Problem details
Print nothing except the lines of the listing below from the line with "Koven's sticker on alleyway bin" to the line with "Bright living room", each exactly as written, both ends included.
:::::
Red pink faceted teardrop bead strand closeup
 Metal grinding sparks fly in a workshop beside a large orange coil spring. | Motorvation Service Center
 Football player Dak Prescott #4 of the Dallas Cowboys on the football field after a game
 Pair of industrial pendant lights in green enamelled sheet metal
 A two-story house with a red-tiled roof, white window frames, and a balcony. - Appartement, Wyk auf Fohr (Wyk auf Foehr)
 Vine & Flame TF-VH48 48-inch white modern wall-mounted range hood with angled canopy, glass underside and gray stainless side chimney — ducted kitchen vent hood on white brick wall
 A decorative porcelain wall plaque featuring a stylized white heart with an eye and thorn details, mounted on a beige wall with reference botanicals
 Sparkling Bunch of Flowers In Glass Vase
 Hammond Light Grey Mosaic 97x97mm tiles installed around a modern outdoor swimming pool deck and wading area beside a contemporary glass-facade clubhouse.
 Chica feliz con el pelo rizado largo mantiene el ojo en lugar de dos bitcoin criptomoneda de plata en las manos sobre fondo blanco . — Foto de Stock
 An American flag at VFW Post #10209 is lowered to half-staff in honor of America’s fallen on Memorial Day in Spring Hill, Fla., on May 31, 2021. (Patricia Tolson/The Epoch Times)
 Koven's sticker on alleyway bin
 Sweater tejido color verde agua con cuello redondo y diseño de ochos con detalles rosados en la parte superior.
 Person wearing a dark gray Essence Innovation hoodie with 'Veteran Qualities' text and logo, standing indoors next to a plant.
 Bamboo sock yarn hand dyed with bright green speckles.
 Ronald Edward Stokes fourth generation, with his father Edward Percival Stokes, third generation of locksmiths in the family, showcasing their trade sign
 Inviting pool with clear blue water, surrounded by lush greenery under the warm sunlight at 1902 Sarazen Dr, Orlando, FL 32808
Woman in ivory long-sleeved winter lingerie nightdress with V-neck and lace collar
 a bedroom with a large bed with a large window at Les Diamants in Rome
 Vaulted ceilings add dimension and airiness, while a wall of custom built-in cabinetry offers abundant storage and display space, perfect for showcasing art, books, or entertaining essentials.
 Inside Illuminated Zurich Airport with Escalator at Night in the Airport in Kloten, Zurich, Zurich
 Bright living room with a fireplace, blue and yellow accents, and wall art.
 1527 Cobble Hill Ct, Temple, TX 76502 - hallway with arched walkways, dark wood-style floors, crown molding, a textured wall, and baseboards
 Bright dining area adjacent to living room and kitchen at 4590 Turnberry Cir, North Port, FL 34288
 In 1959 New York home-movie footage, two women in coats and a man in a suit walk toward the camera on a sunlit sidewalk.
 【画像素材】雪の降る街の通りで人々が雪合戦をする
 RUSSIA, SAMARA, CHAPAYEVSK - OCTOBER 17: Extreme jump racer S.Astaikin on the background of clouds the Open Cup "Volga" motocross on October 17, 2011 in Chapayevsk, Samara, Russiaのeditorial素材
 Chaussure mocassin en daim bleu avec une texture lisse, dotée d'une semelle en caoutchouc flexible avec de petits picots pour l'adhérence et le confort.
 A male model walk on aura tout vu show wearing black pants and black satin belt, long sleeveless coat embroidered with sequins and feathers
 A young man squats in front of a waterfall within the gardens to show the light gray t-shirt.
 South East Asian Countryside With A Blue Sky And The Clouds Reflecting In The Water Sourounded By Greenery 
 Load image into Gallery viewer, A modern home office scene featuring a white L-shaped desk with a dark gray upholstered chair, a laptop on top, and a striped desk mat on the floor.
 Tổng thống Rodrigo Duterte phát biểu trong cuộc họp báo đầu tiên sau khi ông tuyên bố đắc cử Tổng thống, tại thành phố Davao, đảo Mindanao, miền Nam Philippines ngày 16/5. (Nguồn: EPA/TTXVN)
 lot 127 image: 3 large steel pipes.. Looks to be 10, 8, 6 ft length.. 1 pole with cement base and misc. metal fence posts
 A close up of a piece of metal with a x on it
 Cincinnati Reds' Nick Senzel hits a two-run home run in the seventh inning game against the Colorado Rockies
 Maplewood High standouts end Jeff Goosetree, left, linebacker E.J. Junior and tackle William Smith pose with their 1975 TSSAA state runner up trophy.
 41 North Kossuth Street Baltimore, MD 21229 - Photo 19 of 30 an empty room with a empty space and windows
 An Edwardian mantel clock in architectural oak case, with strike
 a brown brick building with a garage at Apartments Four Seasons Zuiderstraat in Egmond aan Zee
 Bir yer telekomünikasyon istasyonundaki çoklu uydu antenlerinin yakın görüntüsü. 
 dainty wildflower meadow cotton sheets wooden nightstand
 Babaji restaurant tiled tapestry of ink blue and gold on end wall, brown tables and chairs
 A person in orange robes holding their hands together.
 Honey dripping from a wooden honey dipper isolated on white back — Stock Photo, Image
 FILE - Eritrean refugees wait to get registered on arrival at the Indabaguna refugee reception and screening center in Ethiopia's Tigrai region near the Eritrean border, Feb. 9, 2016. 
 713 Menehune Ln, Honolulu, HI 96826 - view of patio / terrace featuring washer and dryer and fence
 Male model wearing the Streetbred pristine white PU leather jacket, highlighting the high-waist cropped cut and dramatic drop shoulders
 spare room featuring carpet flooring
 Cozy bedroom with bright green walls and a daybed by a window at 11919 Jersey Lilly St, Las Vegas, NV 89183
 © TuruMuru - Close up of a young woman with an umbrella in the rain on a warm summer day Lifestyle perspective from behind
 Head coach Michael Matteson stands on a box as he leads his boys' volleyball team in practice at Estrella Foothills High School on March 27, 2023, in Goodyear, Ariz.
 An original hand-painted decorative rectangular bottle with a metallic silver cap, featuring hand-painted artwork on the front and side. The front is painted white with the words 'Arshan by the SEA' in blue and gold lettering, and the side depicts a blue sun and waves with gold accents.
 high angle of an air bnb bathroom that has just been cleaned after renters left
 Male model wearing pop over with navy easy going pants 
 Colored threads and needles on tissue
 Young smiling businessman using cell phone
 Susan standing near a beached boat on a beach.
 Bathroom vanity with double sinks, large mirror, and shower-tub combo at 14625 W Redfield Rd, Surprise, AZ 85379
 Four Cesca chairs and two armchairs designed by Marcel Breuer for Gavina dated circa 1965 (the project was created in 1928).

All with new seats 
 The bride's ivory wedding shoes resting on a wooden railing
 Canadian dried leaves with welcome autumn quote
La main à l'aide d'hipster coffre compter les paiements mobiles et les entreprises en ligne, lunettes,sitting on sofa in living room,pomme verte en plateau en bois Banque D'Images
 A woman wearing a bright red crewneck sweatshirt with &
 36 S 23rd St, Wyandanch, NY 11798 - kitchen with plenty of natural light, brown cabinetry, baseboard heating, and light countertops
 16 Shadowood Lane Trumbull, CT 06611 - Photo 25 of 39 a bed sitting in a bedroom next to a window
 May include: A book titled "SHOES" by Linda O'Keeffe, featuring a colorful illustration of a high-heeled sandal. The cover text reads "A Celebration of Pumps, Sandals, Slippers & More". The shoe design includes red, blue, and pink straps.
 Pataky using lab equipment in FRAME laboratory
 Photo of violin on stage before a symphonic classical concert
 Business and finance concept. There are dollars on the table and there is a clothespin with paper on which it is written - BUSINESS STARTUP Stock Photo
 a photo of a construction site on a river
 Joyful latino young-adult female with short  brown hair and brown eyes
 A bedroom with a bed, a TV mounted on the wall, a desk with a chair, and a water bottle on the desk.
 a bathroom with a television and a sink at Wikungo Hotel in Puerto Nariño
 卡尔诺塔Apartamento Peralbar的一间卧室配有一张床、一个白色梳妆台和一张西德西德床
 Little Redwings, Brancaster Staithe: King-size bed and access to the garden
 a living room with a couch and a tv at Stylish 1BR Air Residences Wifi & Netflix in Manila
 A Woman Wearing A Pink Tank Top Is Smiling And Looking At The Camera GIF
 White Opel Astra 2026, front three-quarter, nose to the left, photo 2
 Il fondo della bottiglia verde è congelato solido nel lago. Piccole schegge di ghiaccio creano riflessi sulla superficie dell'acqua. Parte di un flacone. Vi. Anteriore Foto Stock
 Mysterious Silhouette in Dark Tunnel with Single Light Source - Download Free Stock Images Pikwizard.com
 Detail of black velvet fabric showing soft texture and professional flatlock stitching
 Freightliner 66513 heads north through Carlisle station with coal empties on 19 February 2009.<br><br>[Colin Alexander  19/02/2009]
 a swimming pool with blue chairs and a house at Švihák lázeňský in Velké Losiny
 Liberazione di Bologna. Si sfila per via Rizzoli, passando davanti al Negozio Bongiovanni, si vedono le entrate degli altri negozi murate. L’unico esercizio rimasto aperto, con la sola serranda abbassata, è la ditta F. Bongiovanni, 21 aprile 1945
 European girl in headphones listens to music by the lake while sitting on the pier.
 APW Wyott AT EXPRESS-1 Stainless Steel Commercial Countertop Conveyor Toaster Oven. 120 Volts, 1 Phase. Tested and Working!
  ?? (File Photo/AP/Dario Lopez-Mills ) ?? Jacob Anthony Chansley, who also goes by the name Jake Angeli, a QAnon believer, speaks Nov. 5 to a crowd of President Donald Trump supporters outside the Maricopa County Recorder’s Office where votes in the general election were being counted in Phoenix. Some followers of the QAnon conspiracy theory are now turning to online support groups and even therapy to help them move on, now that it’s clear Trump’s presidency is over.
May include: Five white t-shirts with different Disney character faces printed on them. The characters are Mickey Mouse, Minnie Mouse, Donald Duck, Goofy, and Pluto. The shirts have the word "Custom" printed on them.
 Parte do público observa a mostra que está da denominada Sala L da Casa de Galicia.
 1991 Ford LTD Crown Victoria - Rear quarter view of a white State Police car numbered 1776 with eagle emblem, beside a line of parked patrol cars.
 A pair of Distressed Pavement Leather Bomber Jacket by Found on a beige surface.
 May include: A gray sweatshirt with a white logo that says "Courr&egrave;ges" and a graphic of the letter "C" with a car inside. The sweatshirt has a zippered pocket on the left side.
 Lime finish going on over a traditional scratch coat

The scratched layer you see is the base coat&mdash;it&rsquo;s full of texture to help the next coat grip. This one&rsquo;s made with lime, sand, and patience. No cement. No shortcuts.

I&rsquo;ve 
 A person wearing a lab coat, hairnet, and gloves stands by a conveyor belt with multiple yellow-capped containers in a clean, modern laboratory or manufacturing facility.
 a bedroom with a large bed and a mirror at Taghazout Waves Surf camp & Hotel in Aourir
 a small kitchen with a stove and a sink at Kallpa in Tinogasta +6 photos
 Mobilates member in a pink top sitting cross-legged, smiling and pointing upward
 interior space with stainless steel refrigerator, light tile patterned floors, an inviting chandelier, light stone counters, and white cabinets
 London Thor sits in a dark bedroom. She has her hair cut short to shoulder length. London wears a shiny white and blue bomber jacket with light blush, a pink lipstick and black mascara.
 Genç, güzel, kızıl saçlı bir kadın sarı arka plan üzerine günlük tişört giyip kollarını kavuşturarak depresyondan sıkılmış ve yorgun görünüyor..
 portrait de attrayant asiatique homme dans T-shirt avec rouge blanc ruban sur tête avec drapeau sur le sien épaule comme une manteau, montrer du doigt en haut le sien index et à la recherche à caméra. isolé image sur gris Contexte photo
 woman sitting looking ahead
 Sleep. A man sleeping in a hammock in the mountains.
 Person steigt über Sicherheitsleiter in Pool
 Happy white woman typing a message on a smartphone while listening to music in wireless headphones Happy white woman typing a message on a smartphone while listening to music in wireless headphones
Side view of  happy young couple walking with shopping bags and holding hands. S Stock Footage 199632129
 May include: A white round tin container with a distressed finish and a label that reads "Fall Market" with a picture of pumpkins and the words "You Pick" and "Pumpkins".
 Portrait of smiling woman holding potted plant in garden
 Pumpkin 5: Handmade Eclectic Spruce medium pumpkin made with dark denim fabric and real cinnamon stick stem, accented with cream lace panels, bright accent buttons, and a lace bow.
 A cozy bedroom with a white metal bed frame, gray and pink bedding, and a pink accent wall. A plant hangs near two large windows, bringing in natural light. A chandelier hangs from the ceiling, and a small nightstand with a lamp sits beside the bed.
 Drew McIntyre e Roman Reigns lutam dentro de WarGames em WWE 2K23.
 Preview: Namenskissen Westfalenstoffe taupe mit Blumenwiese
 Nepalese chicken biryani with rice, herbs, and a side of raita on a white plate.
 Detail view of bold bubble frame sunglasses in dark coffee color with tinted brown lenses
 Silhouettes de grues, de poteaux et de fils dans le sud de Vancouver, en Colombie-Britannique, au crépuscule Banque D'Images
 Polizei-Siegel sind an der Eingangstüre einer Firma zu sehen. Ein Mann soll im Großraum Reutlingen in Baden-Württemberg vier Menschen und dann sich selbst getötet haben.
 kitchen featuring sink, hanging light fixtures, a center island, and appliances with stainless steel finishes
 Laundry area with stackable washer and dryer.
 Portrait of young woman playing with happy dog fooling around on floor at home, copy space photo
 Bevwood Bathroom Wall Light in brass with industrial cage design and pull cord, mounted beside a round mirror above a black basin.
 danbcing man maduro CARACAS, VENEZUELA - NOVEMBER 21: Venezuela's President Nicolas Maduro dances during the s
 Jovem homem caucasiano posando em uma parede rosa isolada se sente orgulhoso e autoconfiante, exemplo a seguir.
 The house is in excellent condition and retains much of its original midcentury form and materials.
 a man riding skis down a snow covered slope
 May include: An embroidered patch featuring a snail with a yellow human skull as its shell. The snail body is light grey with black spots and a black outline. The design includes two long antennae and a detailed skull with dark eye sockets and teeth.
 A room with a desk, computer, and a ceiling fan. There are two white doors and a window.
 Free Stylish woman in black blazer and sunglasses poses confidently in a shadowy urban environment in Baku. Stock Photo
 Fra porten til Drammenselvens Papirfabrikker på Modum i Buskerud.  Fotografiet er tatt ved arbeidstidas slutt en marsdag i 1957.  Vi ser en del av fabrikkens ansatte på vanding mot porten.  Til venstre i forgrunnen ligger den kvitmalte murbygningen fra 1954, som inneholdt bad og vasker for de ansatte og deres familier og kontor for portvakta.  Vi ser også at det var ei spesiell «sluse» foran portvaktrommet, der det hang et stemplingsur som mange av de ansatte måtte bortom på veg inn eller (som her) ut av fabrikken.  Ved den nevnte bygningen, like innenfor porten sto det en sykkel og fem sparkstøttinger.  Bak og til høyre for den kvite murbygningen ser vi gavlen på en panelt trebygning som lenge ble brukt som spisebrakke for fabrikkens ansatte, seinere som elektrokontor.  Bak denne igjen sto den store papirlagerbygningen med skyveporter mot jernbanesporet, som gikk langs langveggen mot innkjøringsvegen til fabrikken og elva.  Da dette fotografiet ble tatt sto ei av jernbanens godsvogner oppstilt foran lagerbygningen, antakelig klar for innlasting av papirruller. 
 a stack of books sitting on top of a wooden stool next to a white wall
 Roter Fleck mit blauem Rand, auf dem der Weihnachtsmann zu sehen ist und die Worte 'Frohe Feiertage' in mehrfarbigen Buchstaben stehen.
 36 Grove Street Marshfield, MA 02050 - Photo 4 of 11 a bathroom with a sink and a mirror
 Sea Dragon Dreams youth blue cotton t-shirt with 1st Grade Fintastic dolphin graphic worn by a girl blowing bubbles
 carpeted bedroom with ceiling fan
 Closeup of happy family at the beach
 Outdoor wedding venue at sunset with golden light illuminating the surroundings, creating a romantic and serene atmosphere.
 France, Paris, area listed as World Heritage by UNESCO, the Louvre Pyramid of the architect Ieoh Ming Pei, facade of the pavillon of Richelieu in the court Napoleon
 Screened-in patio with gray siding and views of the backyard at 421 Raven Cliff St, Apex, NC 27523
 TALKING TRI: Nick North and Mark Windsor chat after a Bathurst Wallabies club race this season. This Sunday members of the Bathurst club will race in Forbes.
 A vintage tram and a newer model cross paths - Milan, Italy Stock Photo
:::::
Exercise answer
 Koven's sticker on alleyway bin
 Sweater tejido color verde agua con cuello redondo y diseño de ochos con detalles rosados en la parte superior.
 Person wearing a dark gray Essence Innovation hoodie with 'Veteran Qualities' text and logo, standing indoors next to a plant.
 Bamboo sock yarn hand dyed with bright green speckles.
 Ronald Edward Stokes fourth generation, with his father Edward Percival Stokes, third generation of locksmiths in the family, showcasing their trade sign
 Inviting pool with clear blue water, surrounded by lush greenery under the warm sunlight at 1902 Sarazen Dr, Orlando, FL 32808
Woman in ivory long-sleeved winter lingerie nightdress with V-neck and lace collar
 a bedroom with a large bed with a large window at Les Diamants in Rome
 Vaulted ceilings add dimension and airiness, while a wall of custom built-in cabinetry offers abundant storage and display space, perfect for showcasing art, books, or entertaining essentials.
 Inside Illuminated Zurich Airport with Escalator at Night in the Airport in Kloten, Zurich, Zurich
 Bright living room with a fireplace, blue and yellow accents, and wall art.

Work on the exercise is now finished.